CIVS & ECE Host Distinguished Speaker Seminar – Mohsen Saffari

February 18, 2026
Mohsen Saffari

CIVS had the pleasure of co-sponsoring a Distinguished Speaker Seminar with the PNW ECE department on February 13.

Mohsen Saffari, Ph.D., Assistant Professor of Computer Engineering, presented “Smarter Grids Through Deeper Learning: Spatiotemporal Graph Models for Distribution Systems” to CIVS and PNW students, staff, and faculty. His talk was very well received and concluded with a productive Q&A session.

The increasing complexity of modern power distribution systems, driven by the large-scale integration of distributed energy resources and the need for rapid fault detection, demands advanced data-driven approaches capable of capturing intricate spatiotemporal correlations in system measurements. Traditional methods struggle with the high dimensionality of power system data, often relying on shallow architectures that fail to extract deep task-relevant features.
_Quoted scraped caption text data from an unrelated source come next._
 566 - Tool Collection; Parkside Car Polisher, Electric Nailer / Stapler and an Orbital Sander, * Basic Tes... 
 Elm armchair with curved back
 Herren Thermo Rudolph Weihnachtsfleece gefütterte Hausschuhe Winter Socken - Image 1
To address these challenges, recent research has focused on graph-based deep learning models that represent power systems as static and dynamic graphs, enabling the extraction of both spatial relationships among system components and temporal dynamics of measurements. This talk provides an overview of deep sparse spatiotemporal generative models for power system applications, with an emphasis on graph convolutional autoencoders, sparse models, and generative architectures.
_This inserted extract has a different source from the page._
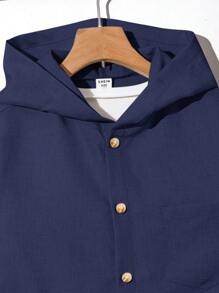 Koszula z kapturem Tween Boys Casual Solid Color Patch Pocket, odpowiednia na jesień, wiosnę, zimę, do zabawy na świeżym powietrzu, do szkoły, fotografii ulicznej, na imprezy i do wypoczynku w domu, wysoka wydajność kosztowa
Key applications, including fault classification and location in distribution systems, as well as behind-the-meter load and photovoltaic disaggregation, will be discussed along with experimental results demonstrating significant improvements over state-of-the-art methods.
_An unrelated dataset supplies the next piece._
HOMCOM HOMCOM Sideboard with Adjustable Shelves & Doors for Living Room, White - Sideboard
About Mohsen Saffari, Ph.D.

  • Professor Mohsen Saffari is an Assistant Professor in the Department of Electrical and Computer Engineering at Purdue University Northwest, where he leads the PNW-MINDs (Machine Intelligence Neural Design) Lab.
  • He received his Ph.D. in Computer Science from the University of Tulsa in 2024, and his M.Sc. in Electrical Engineering from K. N. Toosi University of Technology in 2016.
  • His research centers on developing trustworthy and application-driven machine learning algorithms for complex systems, with particular emphasis on spatiotemporal deep learning for power systems and intelligent transportation systems.
  • Professor Saffari has published in prestigious venues including IEEE Transactions on Neural Networks and Learning Systems, IEEE Transactions on Artificial Intelligence, IEEE Transactions on Emerging Topics in Computational Intelligence, and IEEE Transactions on Industrial Informatics, with his work receiving significant recognition in the machine learning and power systems communities.